The story struck some as nonsensical

Though it's clear that this story quickly convinced at least a few people, given how readily it spread both in and outside of religious circles, questions about the Well to Hell arose practically right away. After all, how did a drilling team in remote Siberia have access to a heat-resistant microphone that could stand temperatures of around 2,000 degrees Fahrenheit? They weren't, after all, known to be sound engineers.

Surprisingly to some, even Christian publications worked to debunk the story. Christianity Today published one of the first skeptical articles critiquing the story in July 1990, using rather damning language that reduced the whole thing to the realm of poorly constructed urban legends and rumors spread by ill-informed Christians. And Rich Buhler, a radio broadcaster who worked for Christianity Today, took it upon himself to dig pretty deeply into the matter.

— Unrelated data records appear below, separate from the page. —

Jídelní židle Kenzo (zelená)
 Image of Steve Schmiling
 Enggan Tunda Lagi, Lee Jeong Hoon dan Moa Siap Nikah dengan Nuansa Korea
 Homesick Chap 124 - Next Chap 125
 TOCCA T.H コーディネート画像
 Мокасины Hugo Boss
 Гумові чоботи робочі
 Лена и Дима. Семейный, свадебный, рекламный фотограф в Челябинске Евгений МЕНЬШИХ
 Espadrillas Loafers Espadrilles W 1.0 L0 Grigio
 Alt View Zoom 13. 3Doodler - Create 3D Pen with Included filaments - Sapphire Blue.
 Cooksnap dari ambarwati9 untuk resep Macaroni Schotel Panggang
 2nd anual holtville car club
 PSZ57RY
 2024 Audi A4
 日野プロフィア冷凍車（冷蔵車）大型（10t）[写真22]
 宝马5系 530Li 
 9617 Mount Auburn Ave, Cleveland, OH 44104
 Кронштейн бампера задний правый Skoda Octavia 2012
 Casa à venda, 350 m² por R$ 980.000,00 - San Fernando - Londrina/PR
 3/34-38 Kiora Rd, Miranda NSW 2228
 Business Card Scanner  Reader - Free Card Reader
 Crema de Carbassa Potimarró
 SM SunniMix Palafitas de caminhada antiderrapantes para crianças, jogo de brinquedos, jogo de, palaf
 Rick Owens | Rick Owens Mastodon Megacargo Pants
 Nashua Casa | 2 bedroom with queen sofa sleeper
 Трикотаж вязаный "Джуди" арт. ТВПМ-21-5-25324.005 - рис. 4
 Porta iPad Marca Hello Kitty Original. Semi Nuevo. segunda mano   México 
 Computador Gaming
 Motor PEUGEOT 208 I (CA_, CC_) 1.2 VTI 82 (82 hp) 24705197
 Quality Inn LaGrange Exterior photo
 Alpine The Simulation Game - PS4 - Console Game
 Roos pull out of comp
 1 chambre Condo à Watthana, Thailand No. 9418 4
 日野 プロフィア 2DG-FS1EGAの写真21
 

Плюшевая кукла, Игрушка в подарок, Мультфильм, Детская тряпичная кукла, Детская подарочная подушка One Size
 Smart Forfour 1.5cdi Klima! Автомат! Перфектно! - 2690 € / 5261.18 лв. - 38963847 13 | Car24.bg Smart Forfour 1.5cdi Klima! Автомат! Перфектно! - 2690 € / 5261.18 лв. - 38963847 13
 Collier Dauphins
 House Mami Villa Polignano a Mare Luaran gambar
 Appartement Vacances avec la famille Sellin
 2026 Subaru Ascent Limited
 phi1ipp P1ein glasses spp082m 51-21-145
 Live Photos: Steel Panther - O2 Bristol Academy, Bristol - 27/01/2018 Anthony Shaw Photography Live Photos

According to Buhler himself, he and his staff were able to contact a daily newspaper in Finland that had published a reader letter with a similar tale. Said reader confessed that he had gotten it from a Christian newsletter in the country. Following the game of telephone even further, Buhler was told that this group had supposedly gotten it from another newsletter, "Jewels of Jericho," that was published by another Christian group ... in California. From there, the trail suspiciously petered out, with nary a hint of an original Russian source or first-hand witness to the events.

The Well to Hell was said to prove Biblical literalism

For many who wholeheartedly believed in the story, the Well to Hell was nothing less than a slam-dunk for Biblical literalism, says Skeptoid. Surely, it proved that not only was Hell real and part of the larger Christian worldview but that it was a literal place that would surely convince everyone once the story got out. After all, there was a recording of the very thing out there (though, at the time that the Well to Hell tale was first published, you'd be very hard-pressed to find anyone who had actually heard said recording).

Yet, this wasn't a clear win for either side, and not just because the Well to Hell legend was already tough to believe. Biblical literalism has almost always been one of the more controversial developments in Christianity, one that strikes at the heart of what it means to not just interpret the Bible, but what it means to be a faithful believer in the first place. 

According to The Guardian, the idea that the Bible is the inerrant, flaw-free word of God stems largely from the Protestant reformation. It could well be that part of the proliferation of and controversy generated by the Well to Hell story has something to do both with the growth of the American evangelical Protestant movement in 20th century America (via and the questioning of just how an eternal Hell can fit into Christian theology centered on a loving God.

A Christian broadcaster was tripped up by a hoaxer

The story seems to have first appeared in 1989, when the Trinity Broadcasting Network printed and televised the tale. Yet, an investigation into their sources would have revealed that a man named Åge Rendalen had purposefully planted at least part of the story, intending to reveal how gullible some broadcasters really were.

If Trinity Broadcasting Network had a fact-checking department in the late 1980s and early 1990s, then it was poorly utilized. Or else it simply didn't exist, which at least partially explains why the Christian broadcaster was so easily fooled by one man named Åge Rendalen.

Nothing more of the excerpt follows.